In spite of the challenges emanating from both the external and internal economic shocks enumerated above, institutions in the banking industry kept their management composure; remained resolute in their day-to-day operations and investment decisions; practically affirmed their role in financial intermediation; and demonstrated their critical role in effective functioning of the financial system, a major requirement for economic stimulation.

This ‘hands-on’ strategy ensured Ghana ended 2023 financial year with banking industry that is characteristically robust and resilient to imminent economic threats. This assertion is buttressed with recent data shared by the Bank of Ghana on banks and other institutions in the industry for financial years, 2022 and 2023. The data are outlined in Figures 1 through 4.

At the end of December 2023, the industry’s aggregate balance sheet depicted impressive performance comparative to year-ended December 2022; total assets differential of GHȼ62.9 billion was recorded during the comparative period (2023 = GHȼ274.9 billion; and 2022 = GHȼ212.0 billion). The GHȼ274.9 billion recorded during year-ended December 2023 remained fair reflection of robust growth in total assets, which were integrally funded by sustained growth in deposits and increased capital levels.

The significant boost in total deposits (34.6% growth during the comparative period) is indicative of the myriad benefits banks and other financial institutions could potentially derive from strong investment in financial literacy campaigns and programmes. The surge in deposits is indicative of customers’ growing interest; and restoration of public (existing customers and prospects’) confidence in the banking and financial system. The year-on-year (YoY) growth in the industry’s total assets between December 2022 and December 2023 was encouragingly estimated at 29.7%.

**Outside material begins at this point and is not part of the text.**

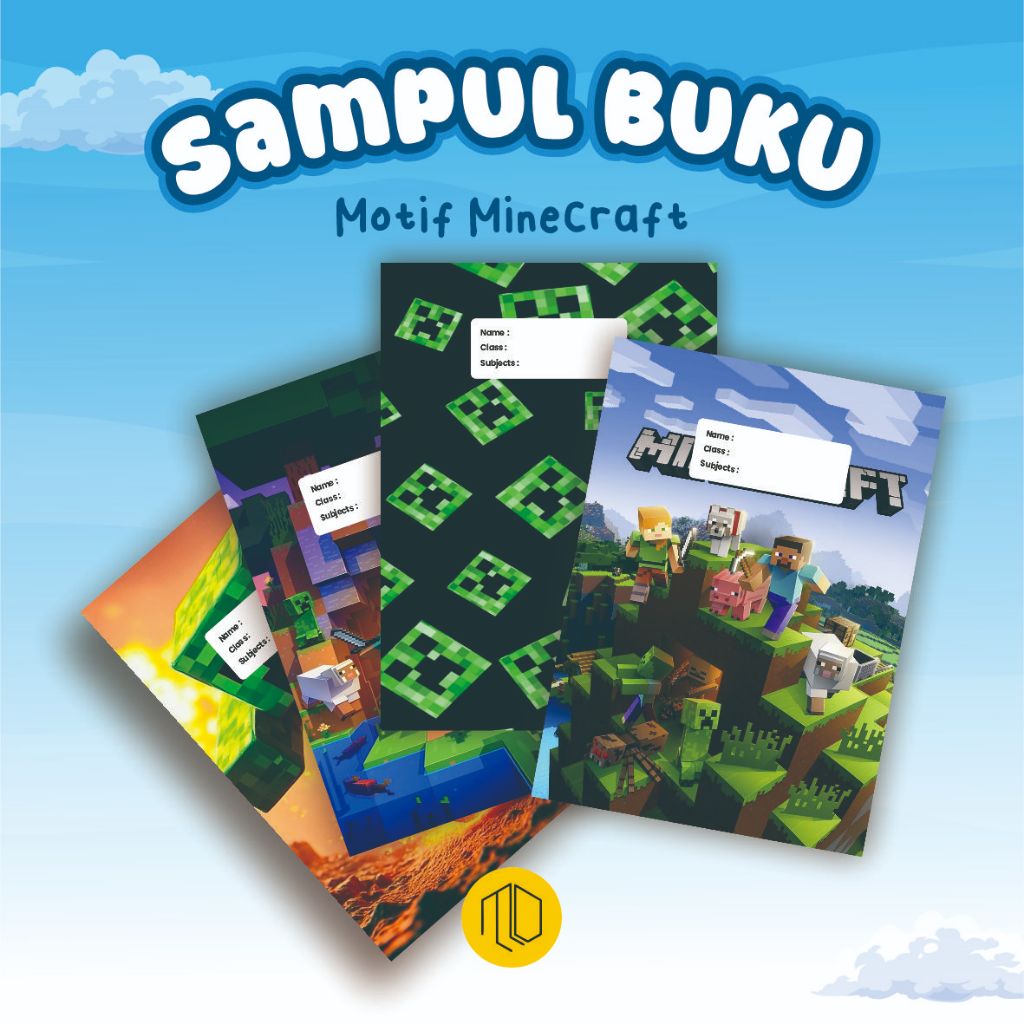 

Sampul Buku Aesthetic Isi 10 Pcs / Sampul Buku Motif Minecraft / Sampul Buku Estetik / Sampul Buku / Sampul Buku Aesthetic Custom / Sampul Buku Tulis Sidu Campuss Bigboss / Sampul Buku Lucu / Sampul Buku Book Cover A5/b5 / Book Cover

Financial intermediation was enhanced by the boost in total advances, which increased from approximately GHȼ67.7 billion in 2022 to GHȼ77.0 billion in 2023, representing 13.8% growth during the period. In effect, institutions in the banking industry were not parsimonious in their lending to existing customers and prospects; this is in spite of the challenges (internal and external economic shocks) that they had to contend with during the financial year (that is. 2023).

The industry’s performance as measured by key indicators such as core liquid assets to short-term liabilities; and core liquid assets to total assets remained impressive in 2023. These indicators amply manifested the industry’s soundness and resistance to vulnerabilities inherent in the broader financial system.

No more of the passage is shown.